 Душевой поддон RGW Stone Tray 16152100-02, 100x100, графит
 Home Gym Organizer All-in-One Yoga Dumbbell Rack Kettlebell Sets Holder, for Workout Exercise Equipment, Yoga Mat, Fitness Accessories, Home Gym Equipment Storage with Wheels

◆ ◆ ◆ ◆ ◆

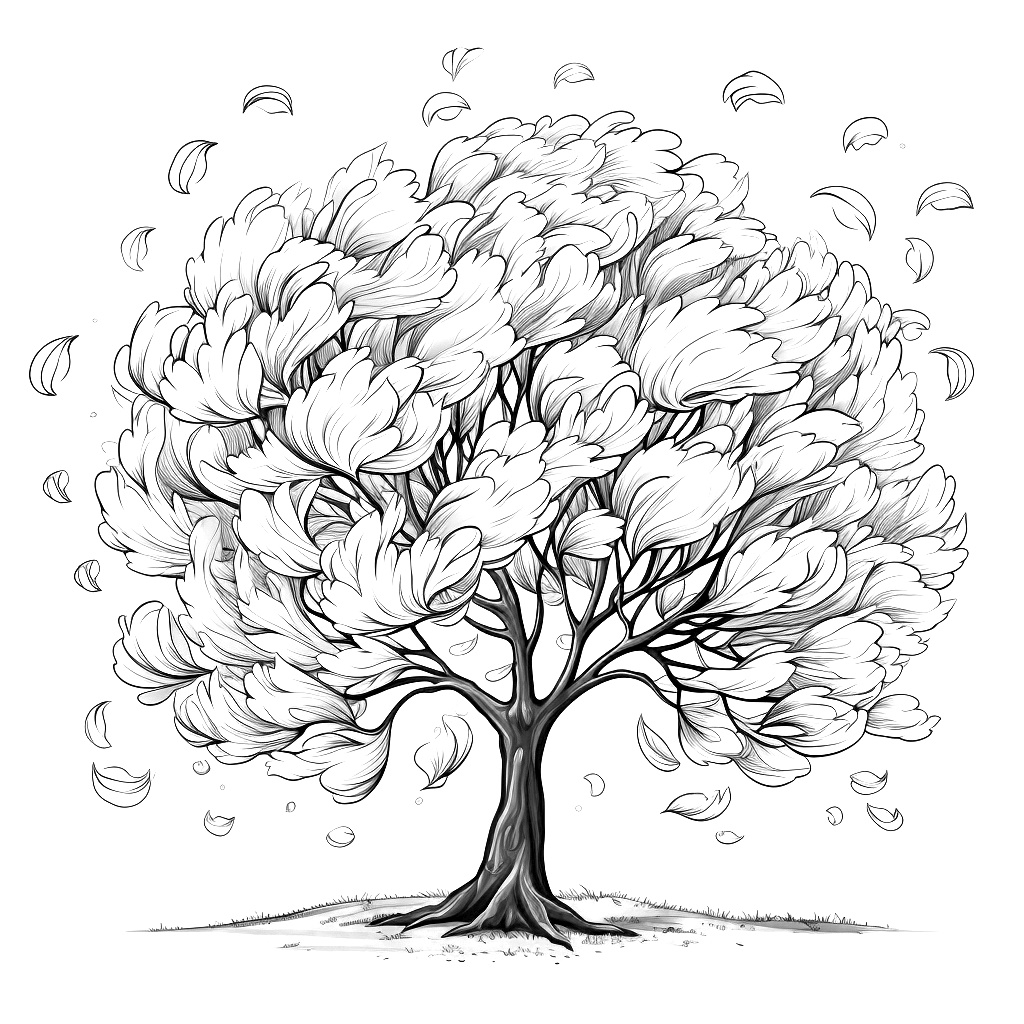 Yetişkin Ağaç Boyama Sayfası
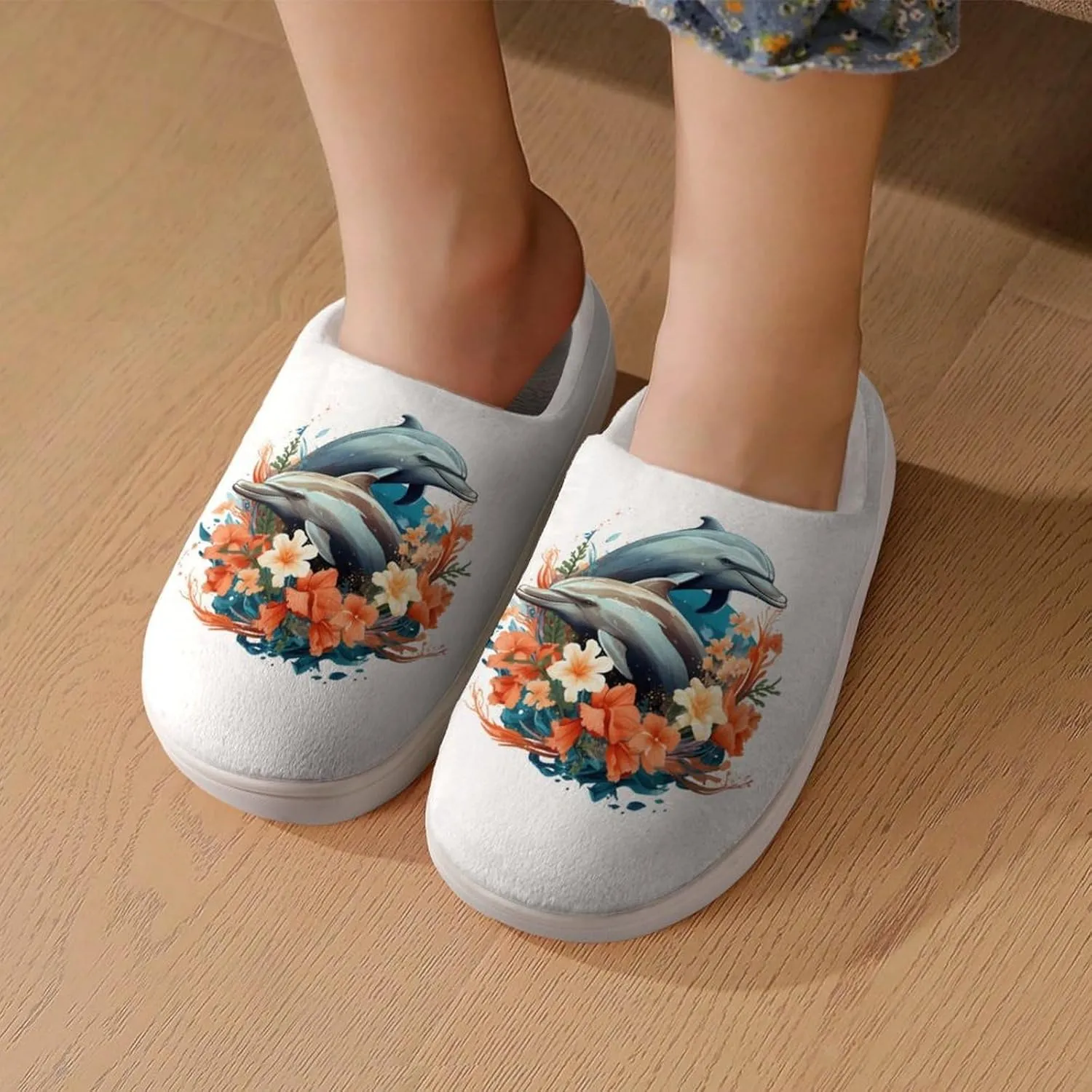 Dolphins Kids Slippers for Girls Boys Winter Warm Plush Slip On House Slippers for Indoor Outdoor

◆ ◆ ◆ ◆ ◆

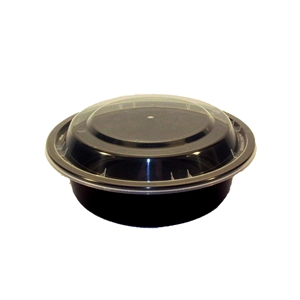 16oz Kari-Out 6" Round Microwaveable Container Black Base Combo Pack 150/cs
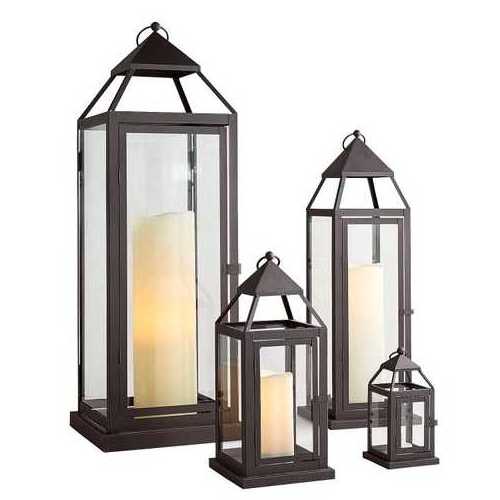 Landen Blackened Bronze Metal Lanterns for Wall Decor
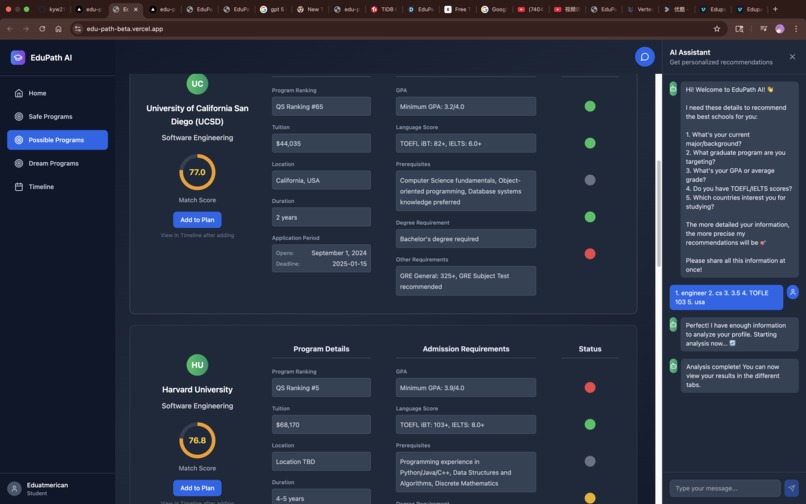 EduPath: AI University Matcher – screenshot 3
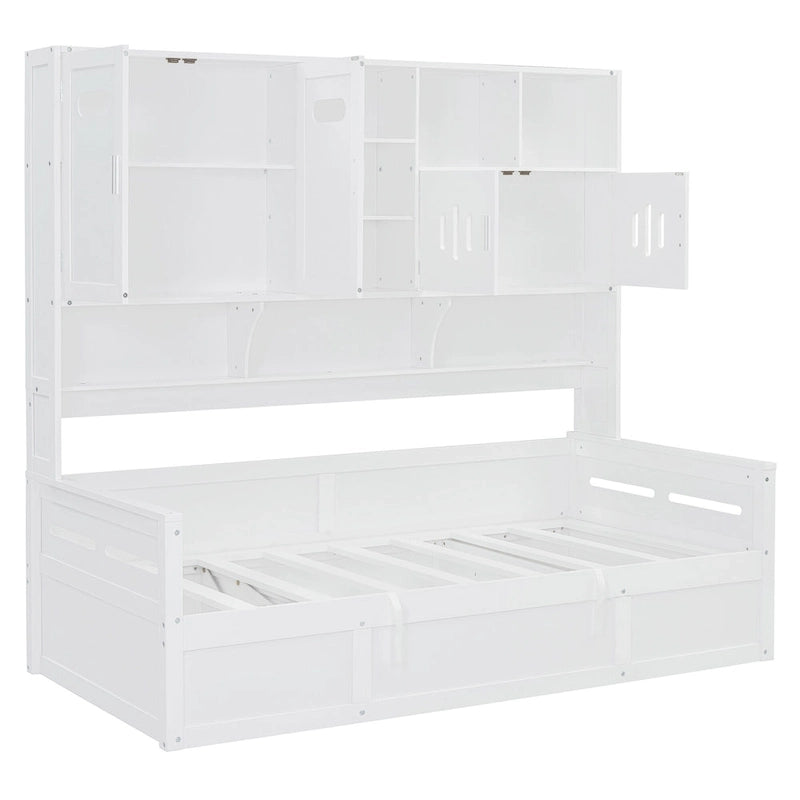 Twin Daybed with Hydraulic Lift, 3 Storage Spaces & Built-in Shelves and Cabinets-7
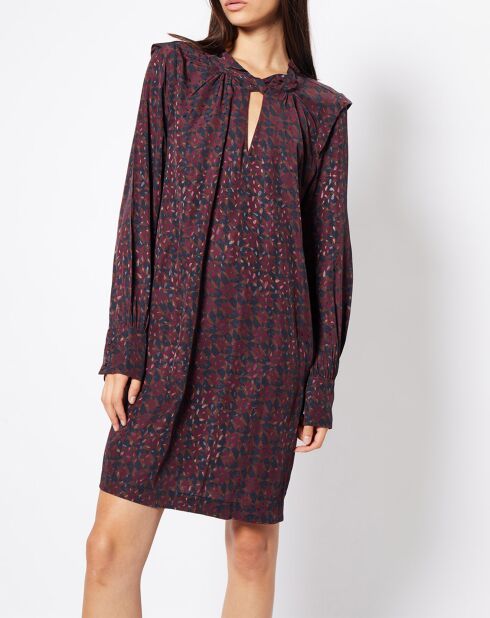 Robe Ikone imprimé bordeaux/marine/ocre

◆ ◆ ◆ ◆ ◆

(Action item):
When you reach the line containing "Combo Pack 150/cs" in the entries above, begin restating word for word, and stop once the line containing "Robe Ikone imprimé bordeaux/marine/ocre" has been given. Omit the pictures.

(Output):
 16oz Kari-Out 6" Round Microwaveable Container Black Base Combo Pack 150/cs
 Landen Blackened Bronze Metal Lanterns for Wall Decor
 EduPath: AI University Matcher – screenshot 3
 Twin Daybed with Hydraulic Lift, 3 Storage Spaces & Built-in Shelves and Cabinets-7
 Robe Ikone imprimé bordeaux/marine/ocre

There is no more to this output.